British Defense Minister Ben Wallace denounced the attack as a war crime, and U.N. Secretary-General Antonio Guterres called it “completely unacceptab­le.”

“There are almost no words for it,” European Union Commission President Ursula von der Leyen said. “The cynical behavior (by Russia) has almost no benchmark anymore.”
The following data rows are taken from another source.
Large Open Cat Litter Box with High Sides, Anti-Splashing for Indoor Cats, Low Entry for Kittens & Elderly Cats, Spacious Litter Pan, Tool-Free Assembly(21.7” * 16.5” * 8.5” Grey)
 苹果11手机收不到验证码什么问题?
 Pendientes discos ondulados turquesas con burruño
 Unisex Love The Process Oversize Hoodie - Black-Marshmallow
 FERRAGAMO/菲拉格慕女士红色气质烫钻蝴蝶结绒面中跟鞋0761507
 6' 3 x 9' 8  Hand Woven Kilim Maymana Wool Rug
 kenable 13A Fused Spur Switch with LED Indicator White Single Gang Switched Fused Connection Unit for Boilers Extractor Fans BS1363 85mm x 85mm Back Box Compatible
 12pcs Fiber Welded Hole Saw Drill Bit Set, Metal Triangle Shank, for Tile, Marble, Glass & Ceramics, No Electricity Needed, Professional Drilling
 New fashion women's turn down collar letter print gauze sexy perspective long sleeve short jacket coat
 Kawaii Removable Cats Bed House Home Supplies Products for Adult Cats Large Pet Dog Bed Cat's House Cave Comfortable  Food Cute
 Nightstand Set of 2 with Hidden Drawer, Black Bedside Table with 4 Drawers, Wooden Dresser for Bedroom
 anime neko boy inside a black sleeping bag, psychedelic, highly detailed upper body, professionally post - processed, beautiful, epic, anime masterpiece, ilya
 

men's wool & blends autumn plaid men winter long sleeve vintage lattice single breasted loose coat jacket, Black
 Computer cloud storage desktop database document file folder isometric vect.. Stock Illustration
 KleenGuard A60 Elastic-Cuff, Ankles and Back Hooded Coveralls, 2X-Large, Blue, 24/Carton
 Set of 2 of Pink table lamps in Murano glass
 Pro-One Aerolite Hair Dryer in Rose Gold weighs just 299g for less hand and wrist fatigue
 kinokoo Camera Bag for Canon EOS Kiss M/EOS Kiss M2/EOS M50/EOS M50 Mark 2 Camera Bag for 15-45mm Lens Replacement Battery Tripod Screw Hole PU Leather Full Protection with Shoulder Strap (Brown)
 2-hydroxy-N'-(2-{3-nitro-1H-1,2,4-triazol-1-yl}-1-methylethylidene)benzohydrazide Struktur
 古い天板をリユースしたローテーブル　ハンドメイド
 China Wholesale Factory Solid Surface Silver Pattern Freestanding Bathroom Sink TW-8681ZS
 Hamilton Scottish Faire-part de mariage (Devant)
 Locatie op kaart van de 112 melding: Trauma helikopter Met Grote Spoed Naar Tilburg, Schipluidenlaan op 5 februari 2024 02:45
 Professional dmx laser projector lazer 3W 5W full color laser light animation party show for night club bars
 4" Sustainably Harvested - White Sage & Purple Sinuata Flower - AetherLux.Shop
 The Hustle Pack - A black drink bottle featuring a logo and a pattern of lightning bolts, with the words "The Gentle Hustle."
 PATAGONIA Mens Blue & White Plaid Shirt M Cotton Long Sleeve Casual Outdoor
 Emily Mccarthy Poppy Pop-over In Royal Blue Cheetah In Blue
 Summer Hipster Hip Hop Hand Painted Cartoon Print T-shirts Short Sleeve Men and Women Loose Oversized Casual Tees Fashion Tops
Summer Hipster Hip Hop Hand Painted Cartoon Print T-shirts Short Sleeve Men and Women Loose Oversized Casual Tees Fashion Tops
Ukrainian authoritie­s and Western officials have repeatedly accused Russian forces of atrocities in the war that began with the Feb. 24 invasion. More than 4 million Ukrainians have fled the country, and millions more have been displaced. Some of the most startling evidence of atrocities has been found in towns around Ukraine’s capital, Kyiv, from which Russian troops pulled back in recent days.

In Bucha, Mayor Anatoliy Fedoruk has said investigat­ors found at least three sites of mass shootings of civilians and were still finding bodies in yards, parks and city squares – 90% of whom were shot.

Russia has falsely claimed that the scenes in Bucha were staged.

On Friday, workers pulled corpses from a mass grave near a town church under spitting rain, lining up black body bags in rows in the mud.

About 67 people were buried in the grave, according to a statement from Prosecutor-General Iryna Venediktov­a’s office, which is investigat­ing those deaths and other mass casualties involving civilians as possible war crimes.

“Like the massacres in Bucha, like many other Russian war crimes, the missile attack on Kramatorsk should be one of the charges at the tribunal that must be held,” Zelenskyy said, his voice rising in anger late Friday.

The killings around Kyiv were revealed when Russian forces pulled back after failing to take the capital in the face of stiff resistance. Russian troops have now set their sights on the Donbas, the mostly Russian-speaking, industrial region where Moscow-backed rebels have been fighting Ukrainian forces for eight years and control some areas.